Come sapete i post pubblicati su L’Espresso non sono più accessibili. Per questo motivo io tornerò a pubblicarne, con una certa regolarità, alcuni meritevoli, spero, di essere ancora letti.
Il post di oggi ne è un esempio.
Chiedo scusa alla favola antica, se non mi piace l’avara formica.
Io sto dalla parte della cicala che il più bel canto non vende, regala.
Così scriveva Gianni Rodari, maestro di vita e di buoni sentimenti.
Anch’io voglio chiedere scusa se torno a ripetere le mie litanie che in qualche modo sono ispirate dai versi di Rodari. Come sapete le persone anziane amano ripetersi ma – asseriva il grande Hillman – non lo fanno perché sono rimbambite ma perché sentono il bisogno di comunicare agli altri, soprattutto ai giovani, ciò che credono di aver imparato.
Osservando con attenzione le vicende dei nostri giorni sono – l’ho già detto – sempre più triste.
Trovo compagnia nell’articolo di Claudio Magris che, illuminato, cita una frase che mi sembra davvero attuale.
La frase è di Karl Valentin, il cabarettista amato da Brecht e che ebbe una influenza significativa sulla cultura al tempo della Repubblica di Weimer. Suona così:
“Die Zukunft war früher auch besser “.
Potremmo tradurre “Una volta il futuro era migliore“.
Proprio questa è la causa della mia tristezza.
Come scrive Claudio Magris, il futuro di cui parla il grande Komiker, maestro di quel cabaret che è la vita, è il grande futuro:
“Il futuro dei profeti biblici sempre in cammino verso una terra promessa. Nei suoi momenti più alti la Storia umana è stata animata del senso di questo cammino, dall’esigenza di una vita migliore, più giusta, più libera dalla violenza, dalla tirannide, dalle sordide diseguaglianze, dalla fame, dalla miseria, dalla sofferenza, dallo sfruttamento. […] Mosè sapeva che non avrebbe mai messo il suo piede nella Terra Promessa, ma non smise di camminare e di guidare il suo popolo nella sua direzione. […]. Sino a pochi decenni fa la storia e la politica erano animate, pervase, da questa tensione. Si parlava di libertà, della necessità di difenderla di allargarla, di ingiustizie da sanare, di oppressi da liberare“.
Naturalmente non siamo così ingenui da non sapere quanti infingimenti, quanti inganni, quanti misfatti, quante tragedie sono stati perpetrati sotto la maschera di queste idee.
Ma conclude Magris:
“L’utopia quale progetto di un mondo migliore per tutti e quale compito di correggere i propri errori è il sale della terra. È questo sale che manca al nostro mondo scipito, che sembra aver distrutto il futuro nonostante gli incredibili progressi della sua tecnologia e i sogni di immortalità“.
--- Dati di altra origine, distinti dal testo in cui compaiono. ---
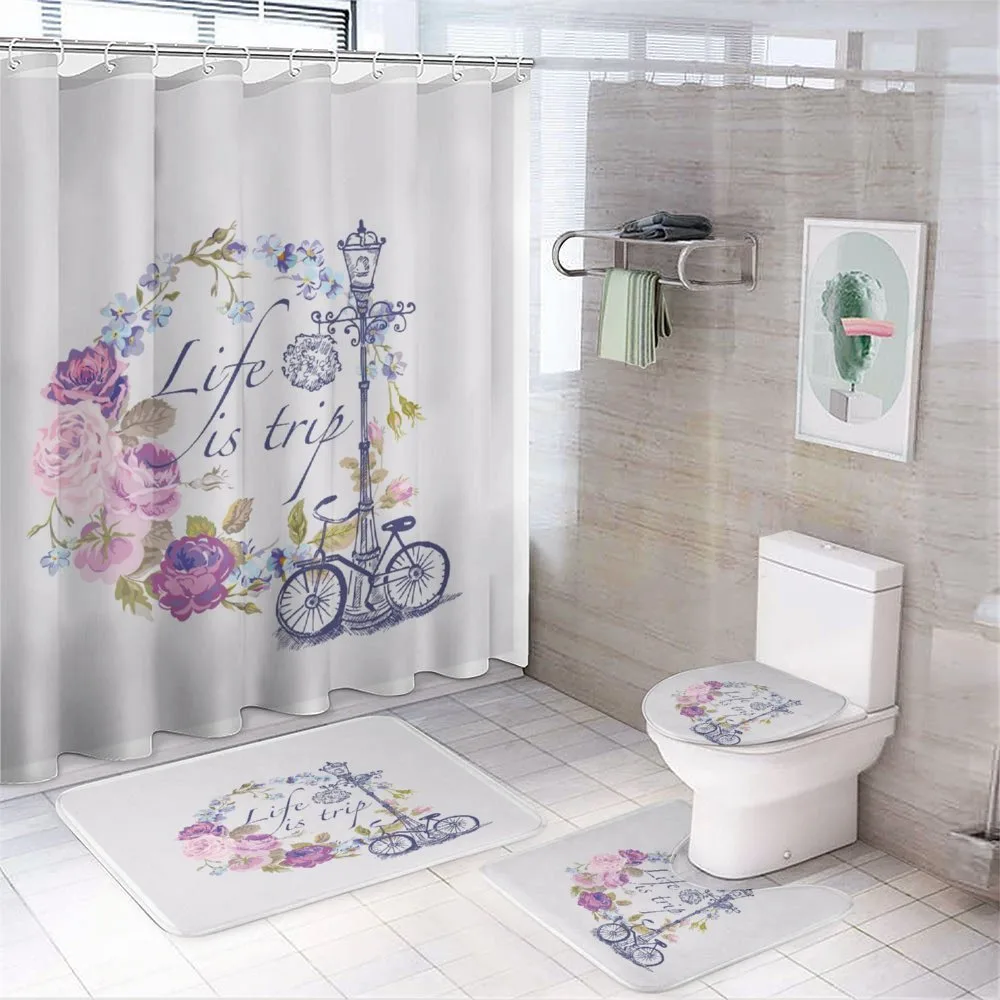 Life is Trip Words — 4-Piece Bathroom Set preview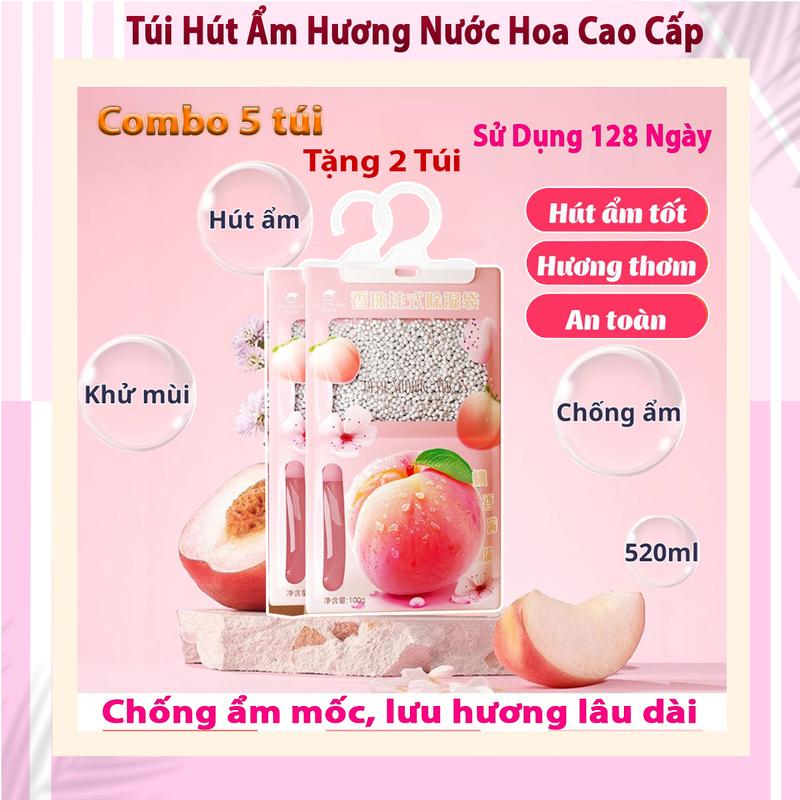 [ Combo 5 Tặng 2 ] Túi Hút Ẩm Mùi Thơm Nước Hoa 2 Ngăn Siêu Thấm Hút Ẩm Chống Mốc, Túi Thơm Để Tủ Quần Áo, Tủ Giày, Phòng Ngủ, Phòng Bếp Hương Đào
Questa nostra misera politica il cui scopo sembra soltanto quello di conservare i nostri privilegi, immemore “dei milioni e milioni di umiliati ed offesi che vivono sofferenze innominabili e muoiono nel buio di devastazione e ingiustizia” mi appare meschina e crudele.
L’uomo non può vivere senza l’utopia di un grande futuro.
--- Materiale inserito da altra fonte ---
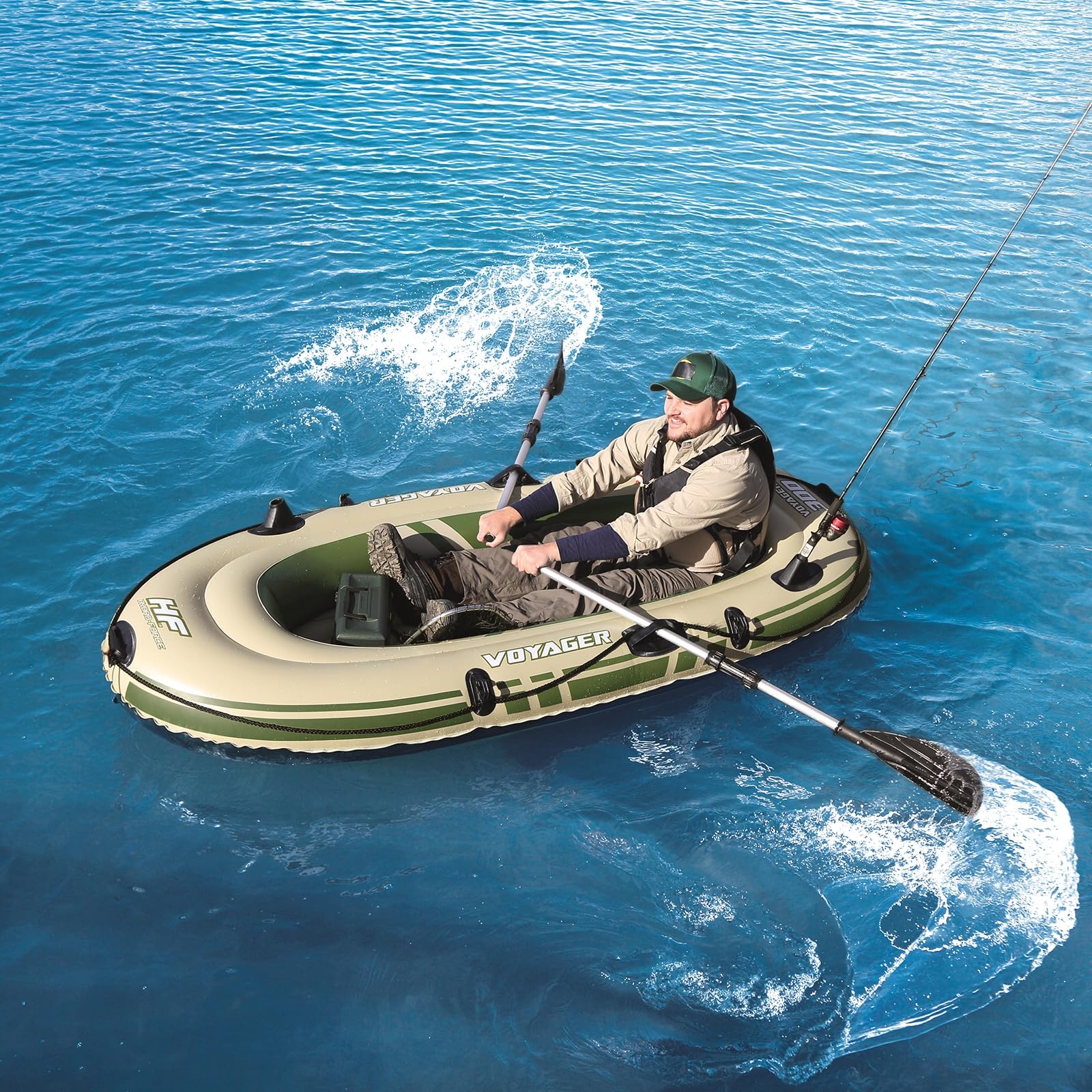 Bestway Hydro-Force Voyager 300 Set, Schlauchboot für Zwei Personen 65051-19 Mehrfarbig 335 x 335 cm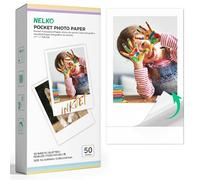 Papier Photo Nelko Premium 52.3x90mm (2.06"x3.54"), Pack de 50 Feuilles Autocollantes Compatible Imprimante Photo PP01, Facile à Décoller, Blanc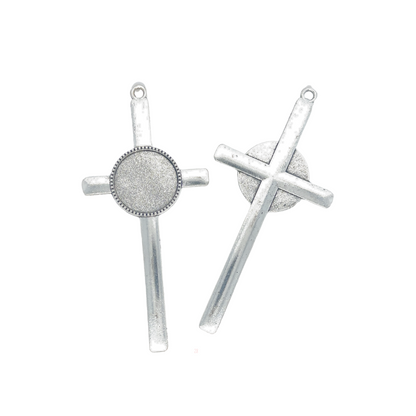 6 Extra Large Cross Blank Pendant Cabochon Setting 65x40mm Silver - Perfect Pendants Plus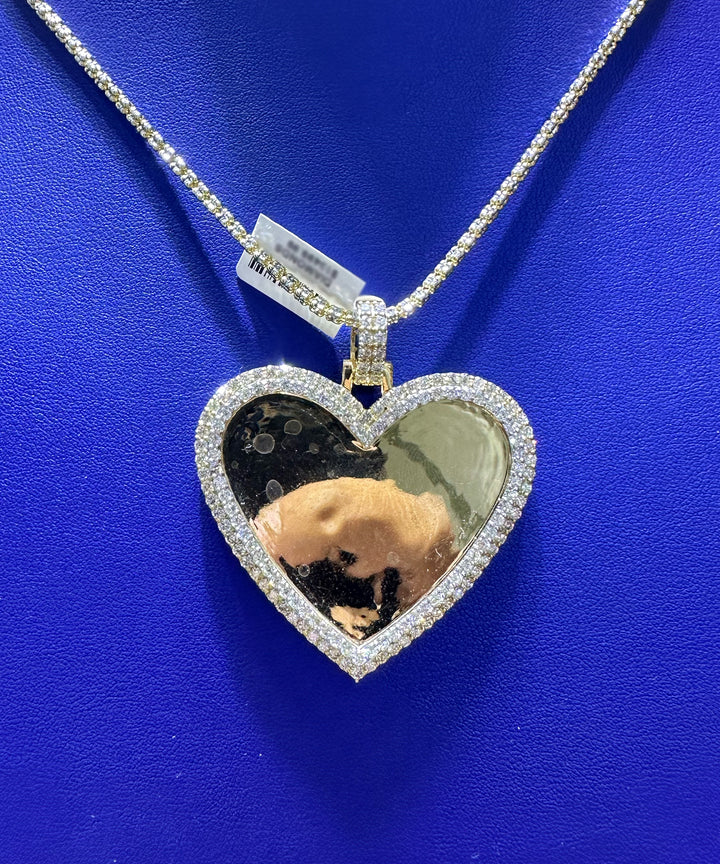 4.50ctw Natural Diamond Memory Charm Heart Pendant in 10K Gold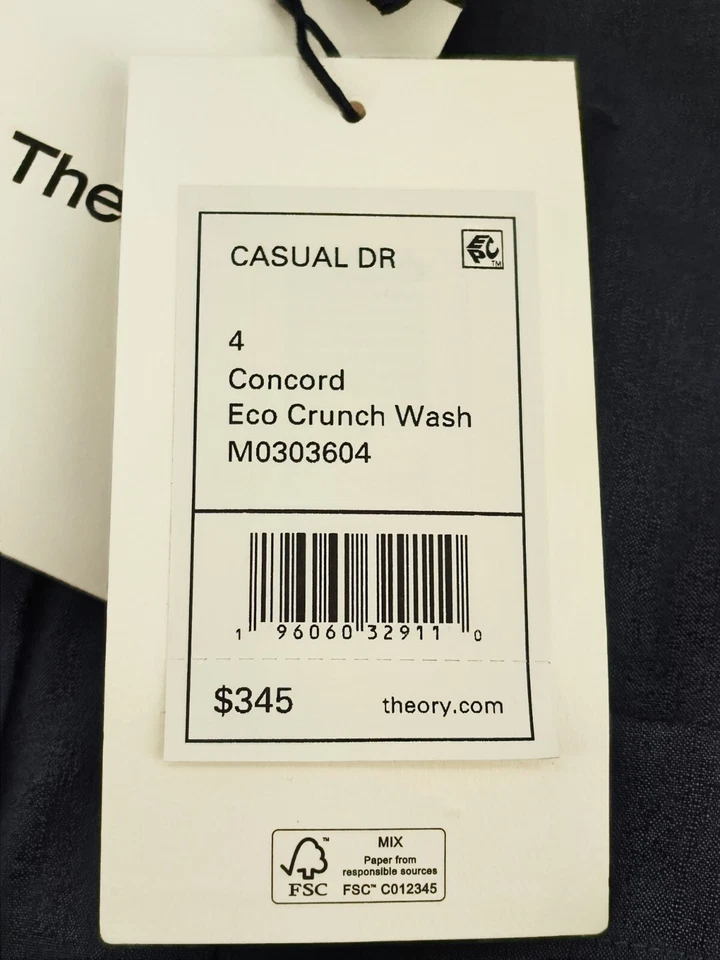 Vestido Camisa Theory Feminino Mescla de Linho Clássico Azul Marinho com Cinto Tamanho 4 - Imagem 4 de 4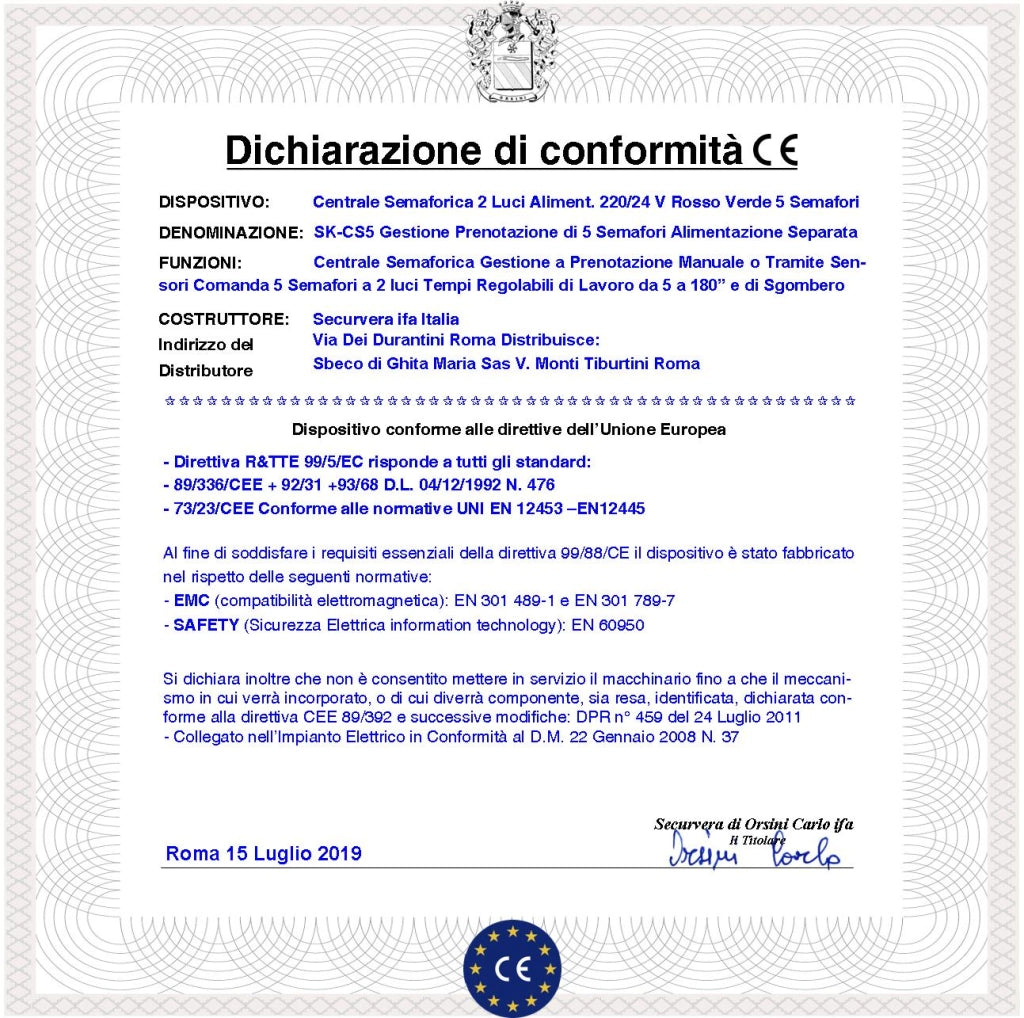 Quadro di Comando Semaforico 5 Semafori a 2 luci Rossa e Verde 220/24 V Funzioni Prenotazione Arrivo Tempi Regolabili Lavoro da 5 a 180” Sgombero da 5 a 40”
Non a caso Faust nell’immortale opera di Goethe dice a Mefistofele:
“E cosa vuoi darmi tu povero diavolo? Lo spirito d’un uomo nella sublime ricerca poté mai essere compreso da un par tuo? Hai tu cibi che mai non saziano, […] hai il giuoco a cui non si vince mai […] Se mai verrà il momento in cui io, appagato, mi adagi sul letto del riposo, la sia tosto finita per me! Se lusingandomi potrai così illudermi che io mi compiaccia di me stesso, se coi godimenti potrai così ingannarmi – sia quello il mio ultimo giorno!”
Goethe lavorò al Faust per sessant’anni: l’opera rischiava di rimanere incompiuta perché (almeno così mi piace pensare) il poeta non riusciva a trovare un motivo di salvazione per Faust e quindi per l’umanità ch’egli rappresenta. Alla fine lo trova nello streben (qui verbo).
Il sostantivo Streben (anelito, azione tesa ad una meta superiore) si contrappone a Genuss (godimento, il crogiolarsi in uno stato di benessere che arresta l’ascesa).
Spero che non tutto sia perduto, spero che sia ancora possibile per il Faust del terzo millennio sfuggire alle grinfie del diavolo.